Saturday, August 1, 2015

Elections, Political Parties, and Politicians


Elections, Political Parties, and Politicians
P. Schultz
August 1, 2015

            There is an unspoken assumption that popular elections and political parties go together like a horse and carriage or like love and marriage. That is, it is assumed that they belong together.

            But, for a few moments, entertain another presumption, viz., that political parties and their leading politicians view elections as sailors view shoals and reefs, i.e., as dangerous and potentially destructive phenomena. Hence, elections must be navigated so “the ship of state,” with its political parties and politicians on board, will not run aground or even sink.

            We have, we are told, two major political parties, both of which are embedded in our political system, but which might be more accurately seen as shipmates on a “ship of state,” navigating an often unpredictable political sea, a sea which is unsettled every few years by popular elections. As a result, both parties have a mutual interest in steadying the ship of state in order to ensure that it does not run aground or sink.

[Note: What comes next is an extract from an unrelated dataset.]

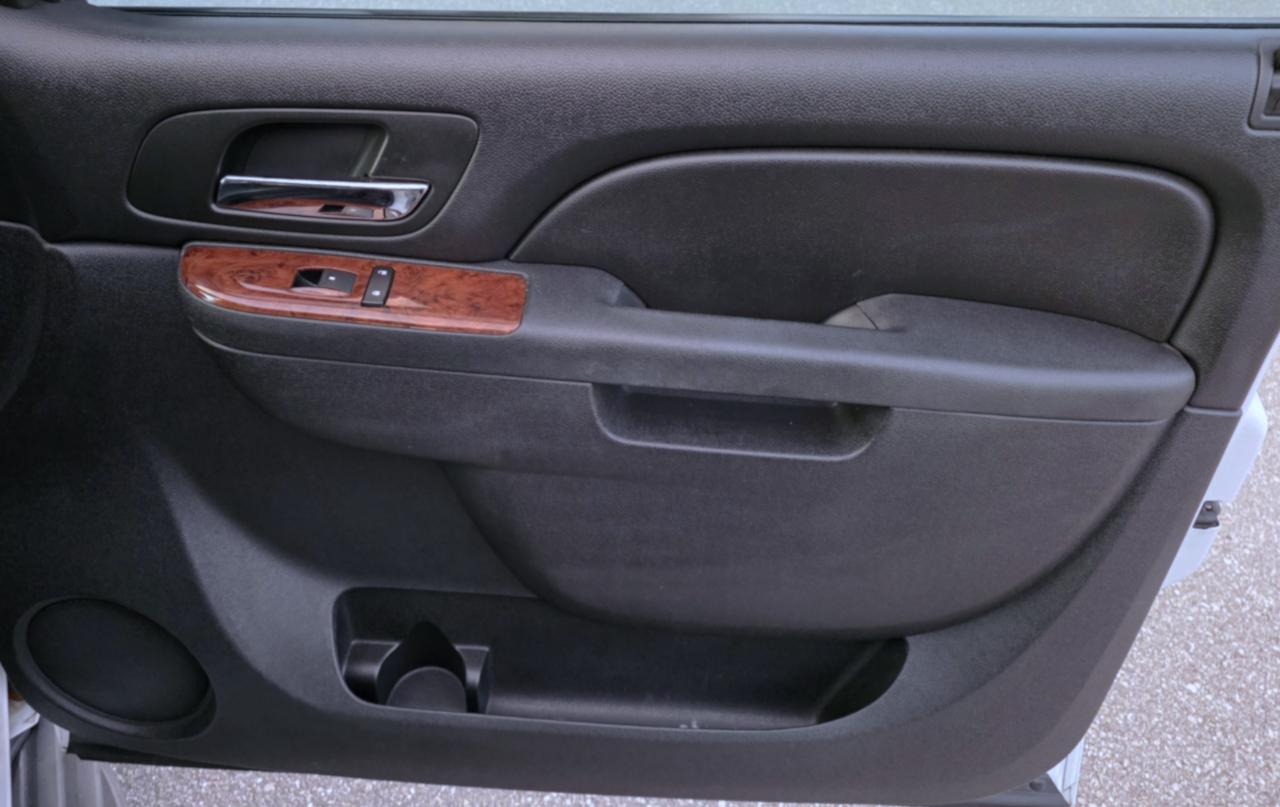 GMC Yukon 2WD 4dr 1500 SLE 2013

            From this viewpoint, elections are always events that must be controlled, must be managed, must be navigated, and this is especially so in time of widespread popular discontent and anger. It might even be said, in fact it has been said, that the two parties collude in order to navigate such seas in the face of popular elections.

            Recently, I have been reading about the presidential election of 1896, in which William McKinley, the Republican, defeated William Jennings Bryan, the Democrat, a result which many say ushered in a period of “national unity,” a period which left behind decades of “depression, divisiveness, and flashing movement.” In sum, it was a time when, “if all went well . . . would carry McKinley and the nation triumphantly into the twentieth century.” [p. 156, Realigning America: McKinley, Bryan, and the Remarkable Election of 1896, by R. Hal Williams]

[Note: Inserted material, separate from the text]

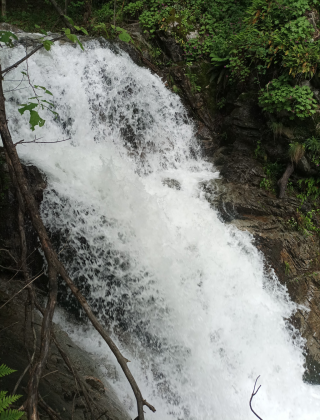 Damardere Waterfall 2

            Usually, this election and its alleged results are seen as the result of two party competition, a competition which pitted the “gold coated” Republicans against the “silver tongued” Democrats, a competition which is presented as offering the American people a stark choice between two radically different political and economic alternatives. However, one interesting aspect of this view is that it was not the view of many who were involved in politics at that time. In fact, for many, the election of 1896 had been “constructed” in such a way that any radically different alternative politics would not and could not win.

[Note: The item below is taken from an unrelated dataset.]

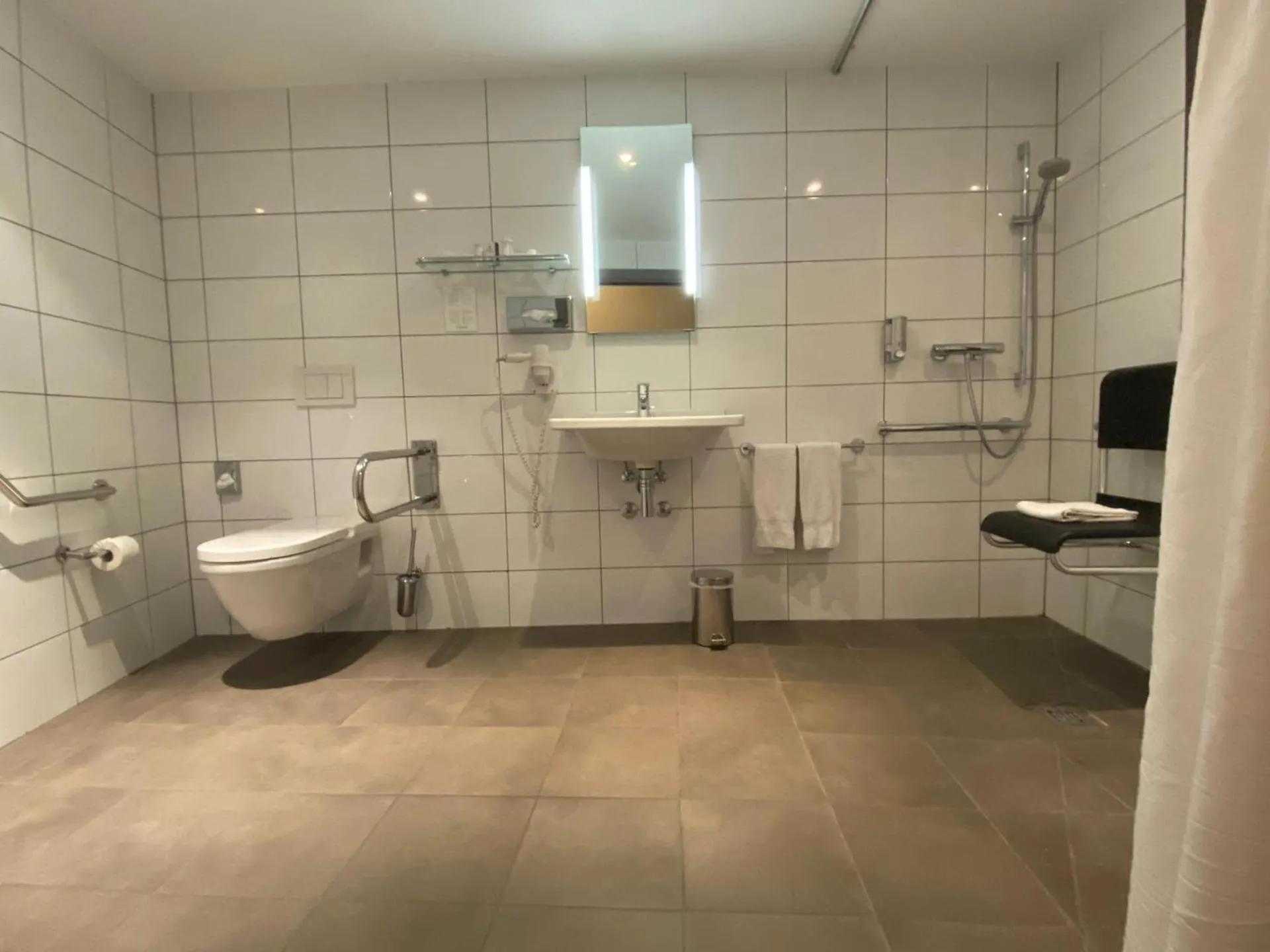 Shower in Martin's Brugge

            In the years preceding 1896, due to depression and other phenomena, a third party arose called either the “People’s Party” or the “Populists.” The adherents to this party sought wholesale changes in the U.S. such as free silver, an income tax, public ownership of the railroads and telegraph companies, and protections for laborers, a category that was understood to include farmers. Obviously, such an agenda threatened, to say the least, the status quo and, therewith, both of the major parties. Hence, ways needed to be devised to ensure the demise of this party and its agenda. Interestingly, in light of this need, the political debate in the nation came to focus on the issue of silver, i.e., whether silver should be used along with gold as the basis of money, thereby increasing the money that could be in circulation and making life bearable for the common people. How this came about is not as important as that it did come about, with the result that silver became the focal point of political debates and political distinctions.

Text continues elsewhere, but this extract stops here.